[Supplied data Boundary: Start]

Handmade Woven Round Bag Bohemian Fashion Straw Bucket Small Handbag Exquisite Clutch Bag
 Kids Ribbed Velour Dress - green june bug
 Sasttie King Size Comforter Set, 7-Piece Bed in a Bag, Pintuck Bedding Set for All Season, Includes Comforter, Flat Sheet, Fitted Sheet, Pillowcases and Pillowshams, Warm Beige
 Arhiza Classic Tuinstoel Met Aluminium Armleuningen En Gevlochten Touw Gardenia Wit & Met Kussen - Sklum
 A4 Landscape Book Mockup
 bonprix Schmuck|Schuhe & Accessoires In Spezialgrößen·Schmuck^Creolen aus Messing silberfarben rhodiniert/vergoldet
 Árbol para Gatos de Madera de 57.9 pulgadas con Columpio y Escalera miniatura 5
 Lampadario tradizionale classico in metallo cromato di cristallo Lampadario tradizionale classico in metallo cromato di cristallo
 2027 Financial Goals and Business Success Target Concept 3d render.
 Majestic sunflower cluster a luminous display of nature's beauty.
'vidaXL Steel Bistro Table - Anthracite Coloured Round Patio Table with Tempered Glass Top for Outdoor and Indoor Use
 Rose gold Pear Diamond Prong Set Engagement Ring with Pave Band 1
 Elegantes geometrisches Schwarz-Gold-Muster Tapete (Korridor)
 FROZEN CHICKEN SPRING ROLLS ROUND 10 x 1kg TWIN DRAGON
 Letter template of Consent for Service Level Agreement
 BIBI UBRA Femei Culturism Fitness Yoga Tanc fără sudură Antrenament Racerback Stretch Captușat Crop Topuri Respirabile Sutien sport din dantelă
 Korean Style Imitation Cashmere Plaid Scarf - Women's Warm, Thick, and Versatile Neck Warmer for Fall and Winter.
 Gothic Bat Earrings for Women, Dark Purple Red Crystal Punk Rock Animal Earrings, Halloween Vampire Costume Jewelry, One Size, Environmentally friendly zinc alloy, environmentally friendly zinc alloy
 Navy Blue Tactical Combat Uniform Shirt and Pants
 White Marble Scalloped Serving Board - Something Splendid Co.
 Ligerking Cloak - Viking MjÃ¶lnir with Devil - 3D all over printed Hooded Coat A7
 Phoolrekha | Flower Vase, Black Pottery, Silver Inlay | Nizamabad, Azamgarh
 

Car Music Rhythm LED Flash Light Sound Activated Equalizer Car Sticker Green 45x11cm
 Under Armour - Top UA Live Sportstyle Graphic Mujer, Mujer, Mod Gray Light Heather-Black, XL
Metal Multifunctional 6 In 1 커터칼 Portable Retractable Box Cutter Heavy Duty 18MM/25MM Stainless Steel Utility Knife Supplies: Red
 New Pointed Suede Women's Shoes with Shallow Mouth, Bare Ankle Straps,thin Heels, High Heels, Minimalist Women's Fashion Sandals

[Supplied data Boundary: End]

> **Task prompt**: Every line of the listing above should be copied word for word.

> **Answer space**:
Handmade Woven Round Bag Bohemian Fashion Straw Bucket Small Handbag Exquisite Clutch Bag
 Kids Ribbed Velour Dress - green june bug
 Sasttie King Size Comforter Set, 7-Piece Bed in a Bag, Pintuck Bedding Set for All Season, Includes Comforter, Flat Sheet, Fitted Sheet, Pillowcases and Pillowshams, Warm Beige
 Arhiza Classic Tuinstoel Met Aluminium Armleuningen En Gevlochten Touw Gardenia Wit & Met Kussen - Sklum
 A4 Landscape Book Mockup
 bonprix Schmuck|Schuhe & Accessoires In Spezialgrößen·Schmuck^Creolen aus Messing silberfarben rhodiniert/vergoldet
 Árbol para Gatos de Madera de 57.9 pulgadas con Columpio y Escalera miniatura 5
 Lampadario tradizionale classico in metallo cromato di cristallo Lampadario tradizionale classico in metallo cromato di cristallo
 2027 Financial Goals and Business Success Target Concept 3d render.
 Majestic sunflower cluster a luminous display of nature's beauty.
'vidaXL Steel Bistro Table - Anthracite Coloured Round Patio Table with Tempered Glass Top for Outdoor and Indoor Use
 Rose gold Pear Diamond Prong Set Engagement Ring with Pave Band 1
 Elegantes geometrisches Schwarz-Gold-Muster Tapete (Korridor)
 FROZEN CHICKEN SPRING ROLLS ROUND 10 x 1kg TWIN DRAGON
 Letter template of Consent for Service Level Agreement
 BIBI UBRA Femei Culturism Fitness Yoga Tanc fără sudură Antrenament Racerback Stretch Captușat Crop Topuri Respirabile Sutien sport din dantelă
 Korean Style Imitation Cashmere Plaid Scarf - Women's Warm, Thick, and Versatile Neck Warmer for Fall and Winter.
 Gothic Bat Earrings for Women, Dark Purple Red Crystal Punk Rock Animal Earrings, Halloween Vampire Costume Jewelry, One Size, Environmentally friendly zinc alloy, environmentally friendly zinc alloy
 Navy Blue Tactical Combat Uniform Shirt and Pants
 White Marble Scalloped Serving Board - Something Splendid Co.
 Ligerking Cloak - Viking MjÃ¶lnir with Devil - 3D all over printed Hooded Coat A7
 Phoolrekha | Flower Vase, Black Pottery, Silver Inlay | Nizamabad, Azamgarh
 

Car Music Rhythm LED Flash Light Sound Activated Equalizer Car Sticker Green 45x11cm
 Under Armour - Top UA Live Sportstyle Graphic Mujer, Mujer, Mod Gray Light Heather-Black, XL
Metal Multifunctional 6 In 1 커터칼 Portable Retractable Box Cutter Heavy Duty 18MM/25MM Stainless Steel Utility Knife Supplies: Red
 New Pointed Suede Women's Shoes with Shallow Mouth, Bare Ankle Straps,thin Heels, High Heels, Minimalist Women's Fashion Sandals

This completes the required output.